There are different techniques used to calculate this intrinsic
value. The simplest is
called the “dividend model,” covered in Chapter 6.
It takes the view that if you buy a stock, you receive the
dividends that will be paid out in the future.
So the intrinsic value must equal the present value of the
future dividends. This
requires forecasting future dividends and also the rate(s) at which
these will be discounted.
Methods for forecasting future dividends as well as methods
for discounting are discussed in Chapter 6.
The dividend model is admittedly simple.
With this model, the value of a firm that does not pay any
dividends cannot be computed.
An extension that deals with this difficulty is the free cash
flow to equity (FCFE) model, covered in Chapter 7.
It takes the view that what really matters is the cash that
could have been paid out to the shareholders as a dividend as
opposed to the actual dividend paid.
This is referred to as the “free cash flow to equity.”
The “to equity” means it’s
the cash available after interest payments have been made and so
this part is purely for shareholders.
This immediately resolves the problem in Chapter 6 because it
applies to all firms not just those firms that actually pay a
dividend. For example,
Google is capable of paying a dividend because it generates large
amounts of FCFE even though its management chooses not to.
This model requires forecasting the future free cash flow to equity
and the discount rate.
Forecasts are typically done using a growth rate, i.e., the future
FCFE is the current FCFE multiplied by a growth factor.
Current FCFE can be calculated in many different ways; we
cover the major variations in this textbook.
For example, you can start with the cash flow statement or
start with the income statement.
In theory, these estimates should come out to be the same!
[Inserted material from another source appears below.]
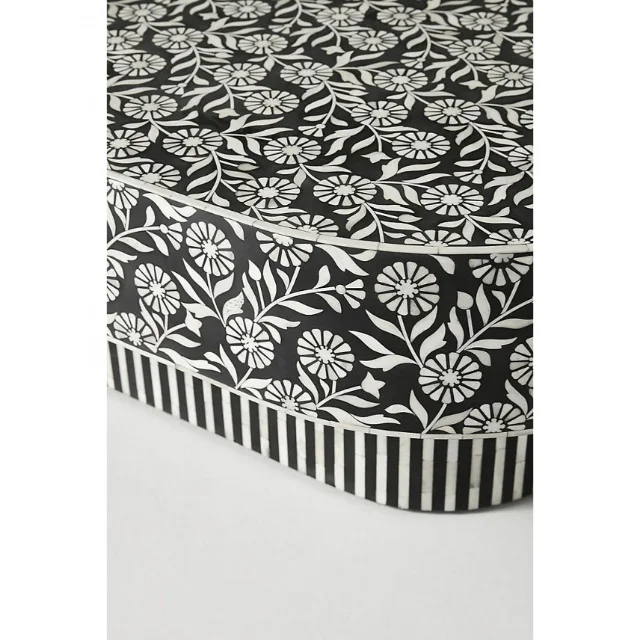 Отличное качество костная Инкрустация Смарт-гостиная центр журнальные столики для украшения доступны по низкой цене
However, an important part of developing your practical
skills and professional judgment is by working with the real world
statements along with their measurement and aggregation issues to
gain insight into why theory and practice often depart from each
other.
Another approach is the residual income model, covered in Chapter 8.
This approach focuses more directly on the shareholder
equity, defined as total assets minus total liabilities.
One way to think about shareholders’ equity is that if you
liquidated the firm today, what would be left to distribute to
shareholders is this value.
Over time, as the firm generates profits, the shareholders’
equity grows. So the
value of the stock must reflect the growth in shareholder equity.
So we need to forecast the future growth of shareholders’
equity and then discount all these to the preset to determine the
intrinsic value. The
concept of residual income measures the change in shareholder
equity. In Chapter 8, we
start with a simple example that explains these important concepts.
As you will see, this model gives you a nice economic
understanding of how a firm creates value.
In Chapter 9, we discuss the abnormal earnings growth model.
This model focuses squarely on earnings, and argues that
firms create value by producing earnings that are greater than
expected, or “abnormal” earnings.
That is, Chapter 9’s valuation technique capitalizes expected
earnings, in contrast to Chapter 8’s technique which anchors the
valuation on current book value and computes the present value of
expected residual earnings.
Both of these methods are sensitive to “dirty surplus” items
that fail to be reflected in Comprehensive Income (CI).
CI is a measure of income that is relevant to the valuation
models presented in Chapters 8 and 9 because it reflects all changes
in shareholder equity that do not result from transactions with
shareholders. However,
there are other items such as accounting for human capital where the
treatment is incomplete under GAAP.
Furthermore, existing treatments under U.S. GAAP have
different implications for the balance sheet and the income
statement. As a result,
this incomplete and differential treatment of human capital can
create important practical differences when applying the two
valuation techniques presented in chapters 8 and 9.
In Chapter 9 we develop how to apply the Abnormal Earnings
Growth model and include some discussion of real world imperfections
an analyst must work with when implementing the accounting valuation
models.
Finally, in Chapter 10, we look at firms that are distressed.
Consider a firm whose assets are smaller than its
liabilities, so it is bankrupt.
Can it have a positive value?
The answer is yes, since the assets can grow over time.
The value depends on how fast it can grow and also how likely
it is to become solvent.
This is captured by the Merton model.
We show you how to implement the model, and use a case study
to value General Motors at the time of its bankruptcy in 2008.